If you follow his logic about the historicity of scripture, then its logical conclusion is that the Christian movement never happened, nor the centuries of Jewish faith before it-- because God never intervenes in human history, and the miraculous events around Jesus' life never happened. Therefore, Jesus could have never drawn the crowds recorded to him nor was his death of any consequence; and he was never resurrected. There was never anything remarkable about Jesus-- except the fact that some of his associates felt there was something so remarkable that they changed their whole lives and faith traditions after his death. "Something happened," says Spong, but it's "heresy" to take anything the Gospel authors wrote about about Jesus as historical, and leaves it to the reader to figure out how the early disciples convinced so many others that Jesus was someone remarkable-- because he was not the Messiah and fulfilled no prophecies.

One can imagine Spong in the first couple centuries arguing with Polycarp, who knew the Apostle John, and Josephus the Jewish historian-- or any of the disciples in Jerusalem for that matter--that there were no remarkable events surrounding Jesus' life, that there was no crowd of witnesses to Jesus' crucifixion or a claim of an empty tomb, and that everything being said about Jesus was purely symbolic code for a Jewish audience-- none of the historical events ever happened. I imagine they would have laughed at him-- arguments about Jesus in that time were quite diverse but none argued that the basic facts agreed upon about his life were fictional. Spong's account has a much lower probability than just taking the various authors at their word even on the basics. He ignores anyone's work over the last 2,000 years that might correct him errors.

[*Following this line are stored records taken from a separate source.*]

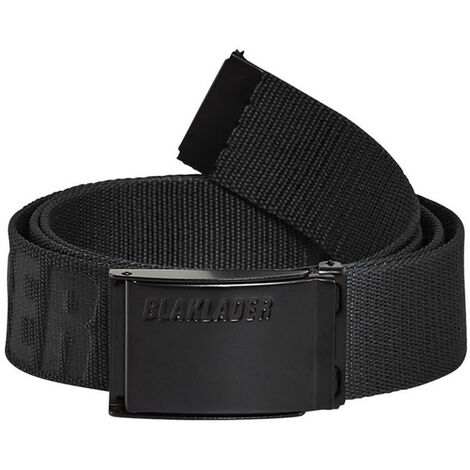 BLAKLADER Ceinture de travail - 4034 - Noir - Taille unique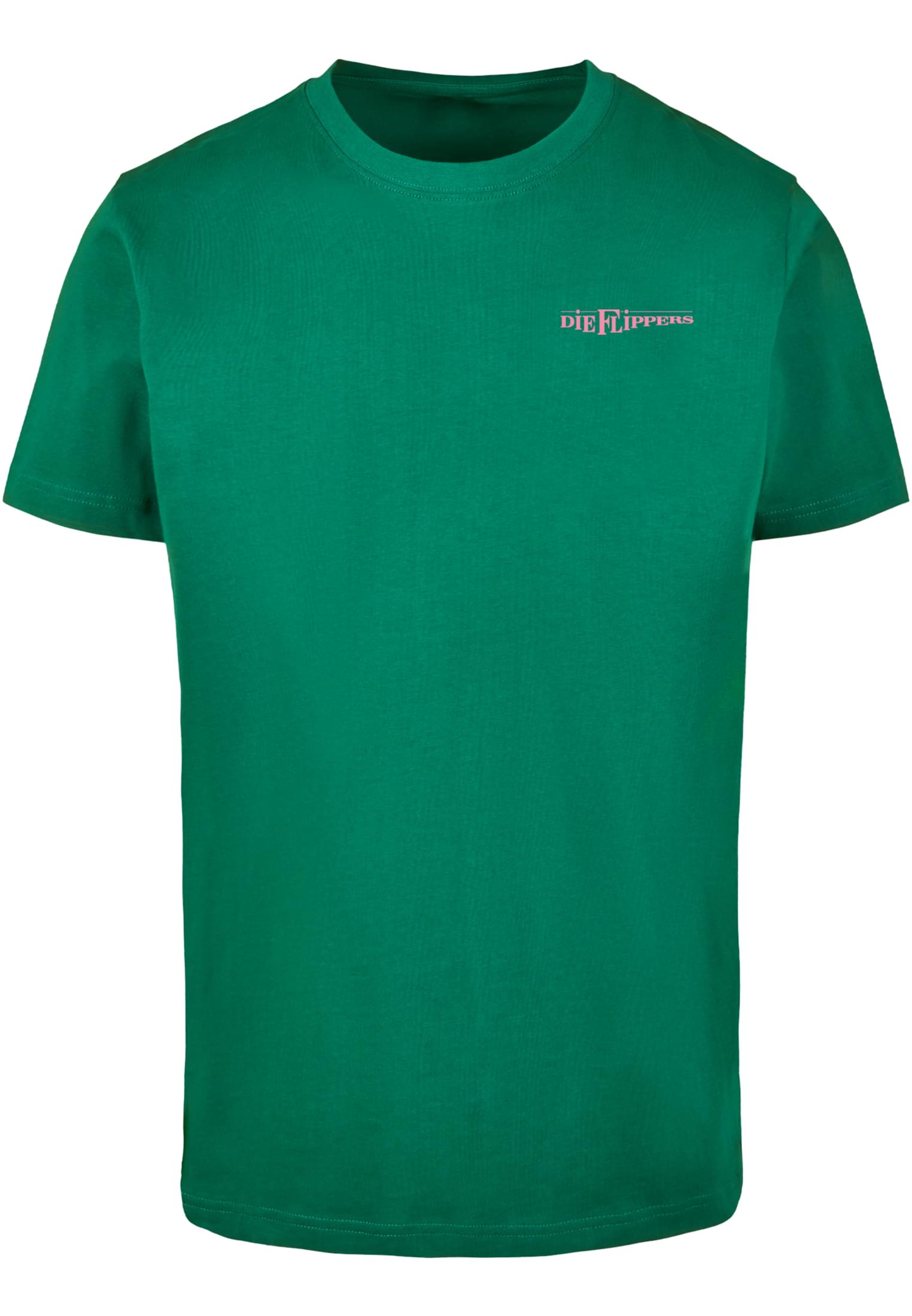Die Flippers - We Say Thank You Bellissima T-Shirt verde foresta XXL
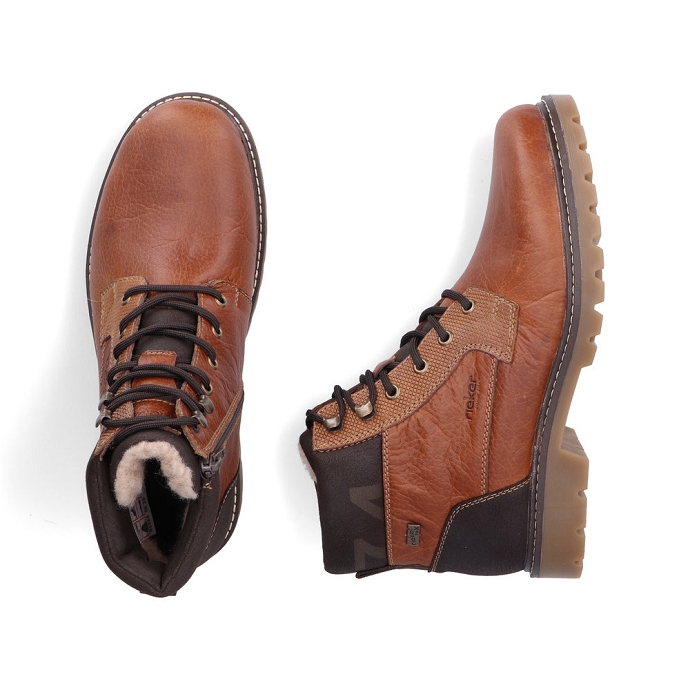 Rieker boots 38832.22 brun2269601_6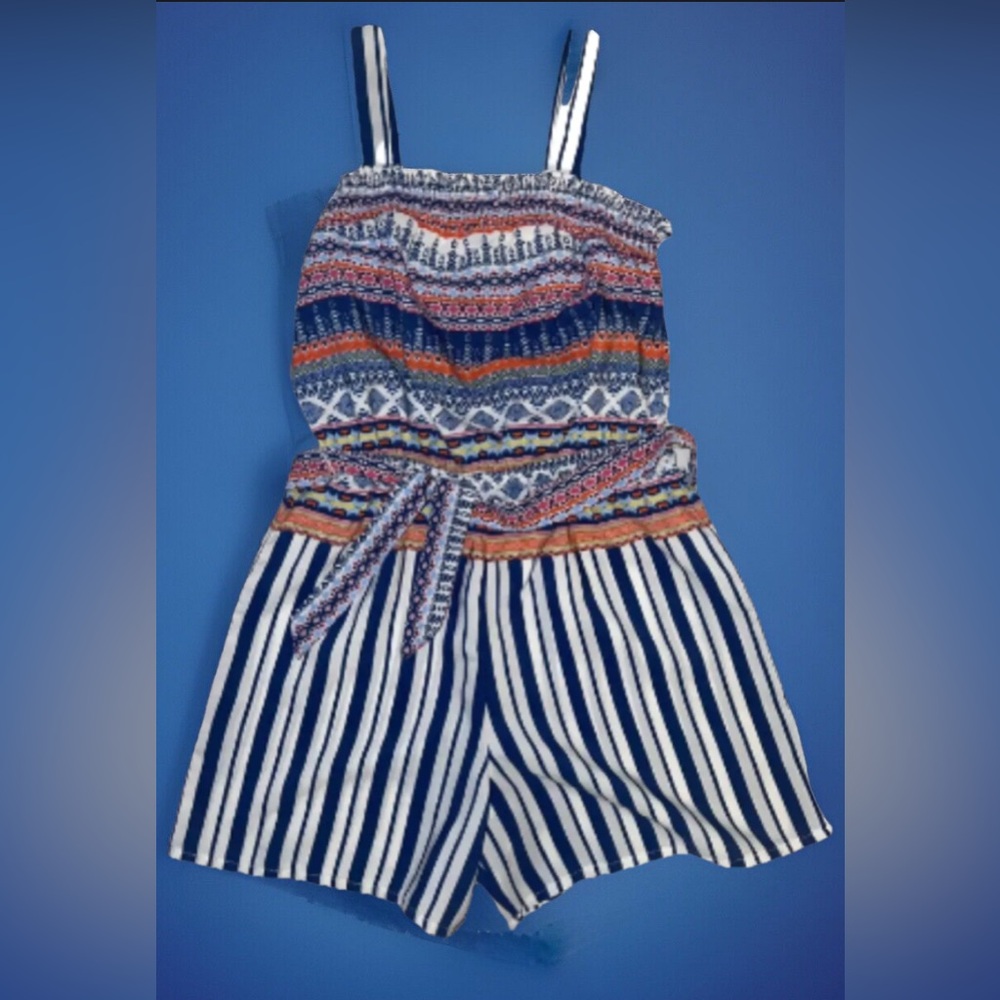 Takara Girls Romper Size Large New with Tags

Spong argues that the fictional miracles are also all "code" to be understood by the audience (just like all the names recorded in the Gospels... unless you named your child something truly original, it is suspect to Spong, and that person probably didn't exist.). None of the 37 miracles recorded by the Gospel authors are to be taken literally, and none of the Gospel authors intended his work to be historical-- not even Luke who states in Luke 1:1-4 that's exactly his intent. (Spong quotes from Acts, written together with Luke's Gospel, authoritatively but very selectively. The history recorded in Acts and Paul's conversion pose obvious problems for Spong's argument and he simply ignores them. He quotes from 1 Corinthians as authoritative, but ignores that Paul believed Jesus was betrayed and that there was a Last Supper-- which Spong contends never happened). He contends that somehow Jesus' life influenced a few fishermen and tax collectors enough that they believed they had a real-life God experience through him, they wrote metaphoric accounts of his life to state their beliefs about it, and somehow this started a world revolution that Spong continues to be part of today. Why would anyone want to be martyred on the basis of a few commoners' delusions about a man? Why would anyone want to "experience" a Jesus that the author spends most of the book saying didn't really do much of interest.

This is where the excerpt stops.